- [YOUR ASSIGNMENT]: Images should not appear in the copy, yet every line of the listing below must be printed exactly.

- [EXERCISE DATA]:
- Opening Delimiter -

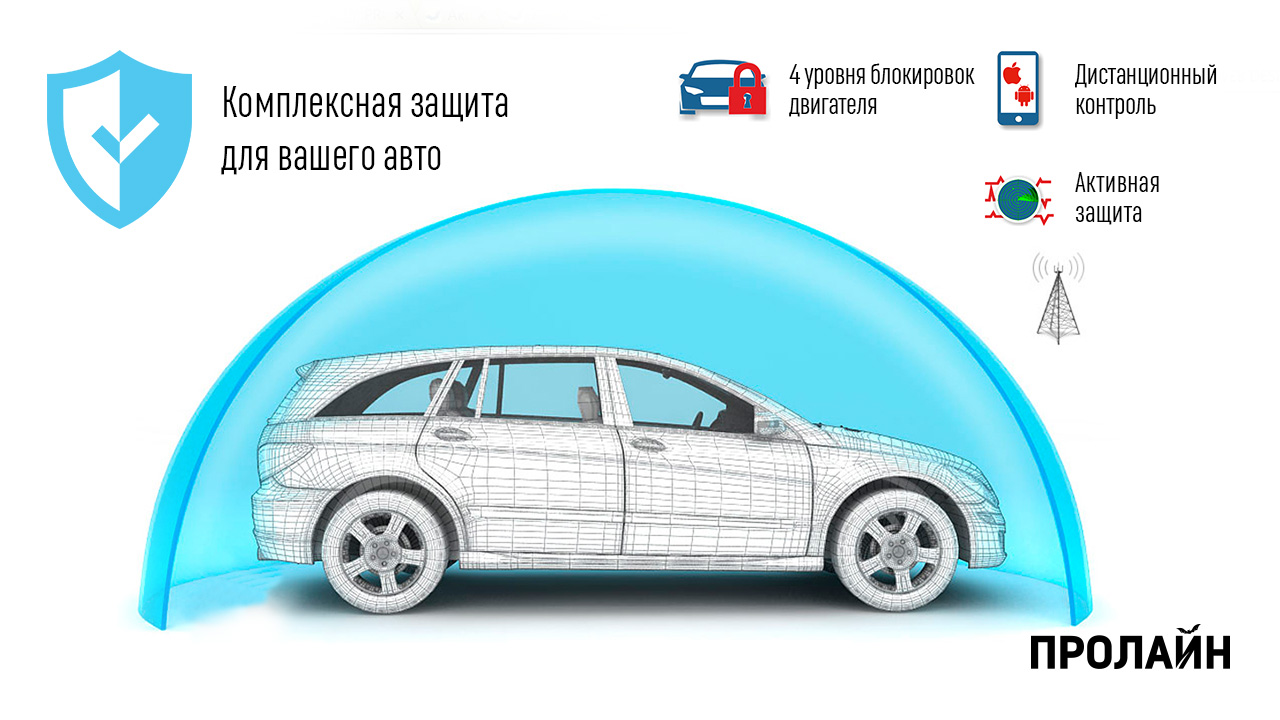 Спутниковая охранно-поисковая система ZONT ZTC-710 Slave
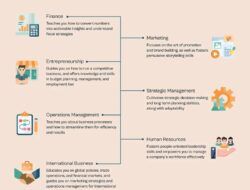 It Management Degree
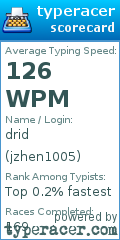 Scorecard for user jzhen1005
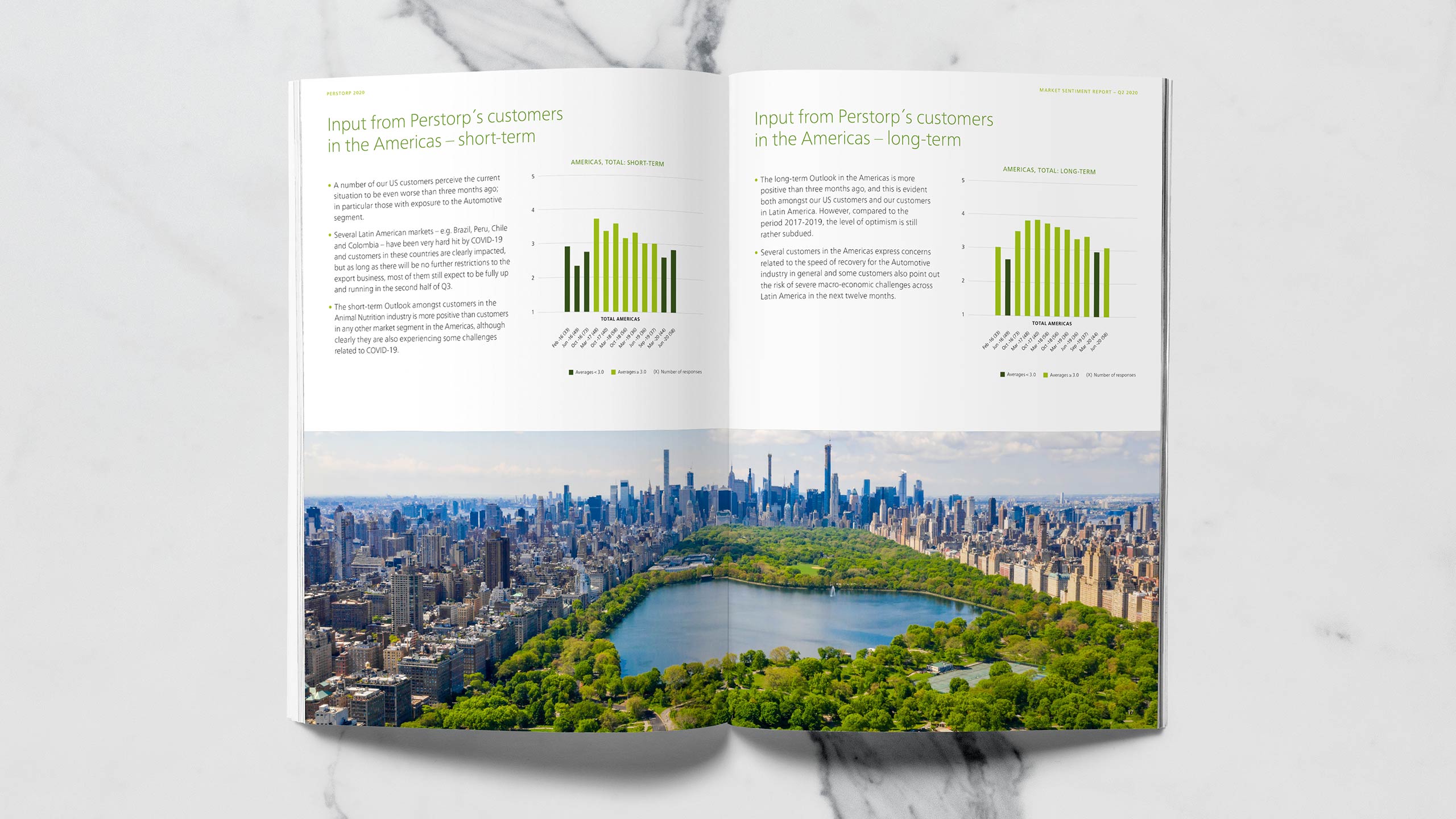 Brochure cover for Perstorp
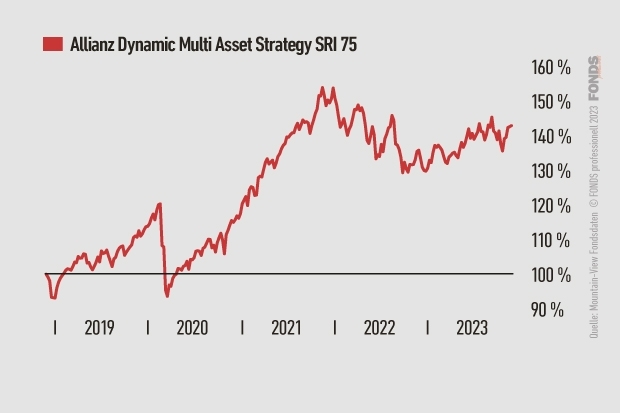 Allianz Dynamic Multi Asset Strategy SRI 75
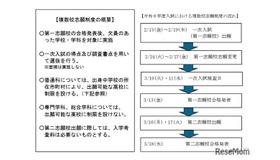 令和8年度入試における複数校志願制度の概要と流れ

- Closing Delimiter -

- [ANSWER TO THIS EXERCISE]:
 Спутниковая охранно-поисковая система ZONT ZTC-710 Slave
 It Management Degree
 Scorecard for user jzhen1005
 Brochure cover for Perstorp
 Allianz Dynamic Multi Asset Strategy SRI 75
 令和8年度入試における複数校志願制度の概要と流れ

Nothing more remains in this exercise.